La croissance démographique ne bénéficie qu’au Puy-de-Dôme. Il gagne 113 200 habitants entre 1954 et 1982 (+ 0,7 % en moyenne annuelle). Dans l’Allier, le nombre d’habitants se stabilise. L’exode des jeunes cantaliens et altiligériens se poursuit. Le déclin démographique de ces deux départements perdure donc sur le même rythme qu’au début du siècle. Entre 1954 et 1982, le Cantal et la Haute-Loire perdent respectivement 14 000 et 10 000 habitants.

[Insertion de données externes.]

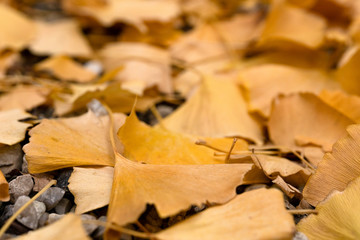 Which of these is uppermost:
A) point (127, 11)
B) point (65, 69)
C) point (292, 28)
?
point (292, 28)

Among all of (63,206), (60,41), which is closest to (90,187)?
(63,206)

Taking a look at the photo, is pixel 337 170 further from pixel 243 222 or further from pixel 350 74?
pixel 350 74

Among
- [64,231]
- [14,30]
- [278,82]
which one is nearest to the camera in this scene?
[64,231]

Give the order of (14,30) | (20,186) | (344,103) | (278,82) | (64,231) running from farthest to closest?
(14,30)
(278,82)
(344,103)
(20,186)
(64,231)

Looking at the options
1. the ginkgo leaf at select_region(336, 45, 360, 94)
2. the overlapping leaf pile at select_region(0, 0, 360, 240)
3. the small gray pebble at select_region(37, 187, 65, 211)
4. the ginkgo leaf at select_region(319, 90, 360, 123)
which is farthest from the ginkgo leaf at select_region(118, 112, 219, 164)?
the ginkgo leaf at select_region(336, 45, 360, 94)

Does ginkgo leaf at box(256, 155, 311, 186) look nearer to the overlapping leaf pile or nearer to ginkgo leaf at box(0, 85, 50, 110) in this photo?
the overlapping leaf pile

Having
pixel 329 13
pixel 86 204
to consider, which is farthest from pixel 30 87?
pixel 329 13

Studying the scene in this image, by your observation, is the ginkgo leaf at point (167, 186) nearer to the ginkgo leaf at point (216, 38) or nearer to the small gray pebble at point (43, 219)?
the small gray pebble at point (43, 219) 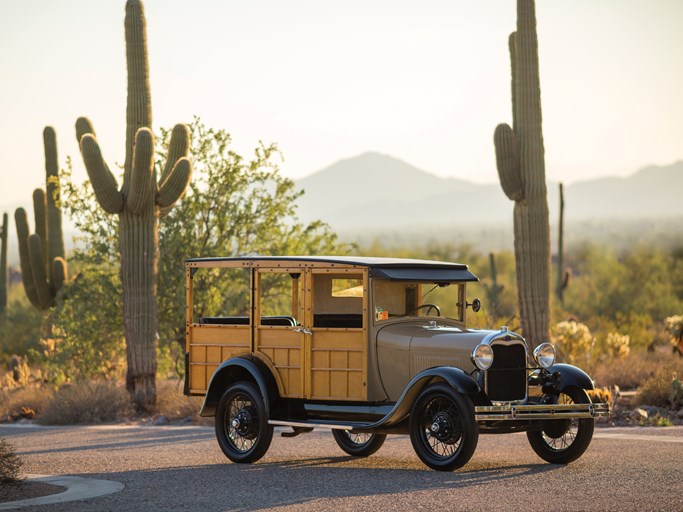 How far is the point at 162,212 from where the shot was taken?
22.9 meters

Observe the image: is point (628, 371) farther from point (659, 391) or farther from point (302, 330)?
point (302, 330)

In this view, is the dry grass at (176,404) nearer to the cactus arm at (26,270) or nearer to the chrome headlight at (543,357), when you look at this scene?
the chrome headlight at (543,357)

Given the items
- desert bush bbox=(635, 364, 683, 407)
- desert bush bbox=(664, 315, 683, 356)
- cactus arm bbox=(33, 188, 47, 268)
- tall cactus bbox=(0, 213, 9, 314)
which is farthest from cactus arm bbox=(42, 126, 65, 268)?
desert bush bbox=(635, 364, 683, 407)

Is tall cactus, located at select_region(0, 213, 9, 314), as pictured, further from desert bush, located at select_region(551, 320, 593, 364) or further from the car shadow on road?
the car shadow on road

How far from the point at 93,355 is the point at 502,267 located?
131 feet

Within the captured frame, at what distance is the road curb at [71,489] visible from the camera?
36.7 feet

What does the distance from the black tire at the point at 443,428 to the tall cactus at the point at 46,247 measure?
747 inches

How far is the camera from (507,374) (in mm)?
13414

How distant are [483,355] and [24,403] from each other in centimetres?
1314

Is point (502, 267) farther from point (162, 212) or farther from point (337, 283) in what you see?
point (337, 283)

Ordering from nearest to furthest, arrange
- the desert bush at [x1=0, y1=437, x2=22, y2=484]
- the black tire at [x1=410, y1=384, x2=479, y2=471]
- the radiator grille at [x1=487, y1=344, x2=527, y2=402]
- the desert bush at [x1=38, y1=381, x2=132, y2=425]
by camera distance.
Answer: the desert bush at [x1=0, y1=437, x2=22, y2=484] < the black tire at [x1=410, y1=384, x2=479, y2=471] < the radiator grille at [x1=487, y1=344, x2=527, y2=402] < the desert bush at [x1=38, y1=381, x2=132, y2=425]

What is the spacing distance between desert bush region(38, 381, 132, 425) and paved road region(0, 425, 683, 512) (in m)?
3.41

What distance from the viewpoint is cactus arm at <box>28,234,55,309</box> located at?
30.8 m

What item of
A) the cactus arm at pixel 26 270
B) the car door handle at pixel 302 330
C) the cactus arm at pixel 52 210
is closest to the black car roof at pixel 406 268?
the car door handle at pixel 302 330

Le nouveau souffle des campagnes…proches des grands centres urbains

De 1982 à 1999, alors que la population française continue de croître (+ 0,4 % en moyenne chaque année), l’Auvergne cumule déficits naturel et migratoire. Durant cette période, la région perd 24 000 habitants, soit 1 % de population tous les ans.

Depuis le début des années 2000, la démographie auvergnate repart à la hausse. Cette croissance reste toutefois inférieure de moitié à la moyenne nationale. Ce nouveau regain démographique bénéficie essentiellement aux communes en périphérie des grands pôles urbains. Entre 1999 et 2011, le Puy-de-Dôme gagne 42 000 habitants. En Haute-Loire, la population augmente en moyenne de 0,5 % chaque année, comme en France métropolitaine. Dans l’Allier, le nombre d’habitants est stable, mettant fin à la baisse continue depuis 1968. Enfin, la population du Cantal continue de baisser. De 1831 à 2011, le département aura perdu 115 400 habitants, soit près de la moitié de sa population.

Figure_2D’un peuplement rural à un peuplement urbain - Population des communes auvergnates en 1911 et 2011

  • Source : Insee, Recensements de la population.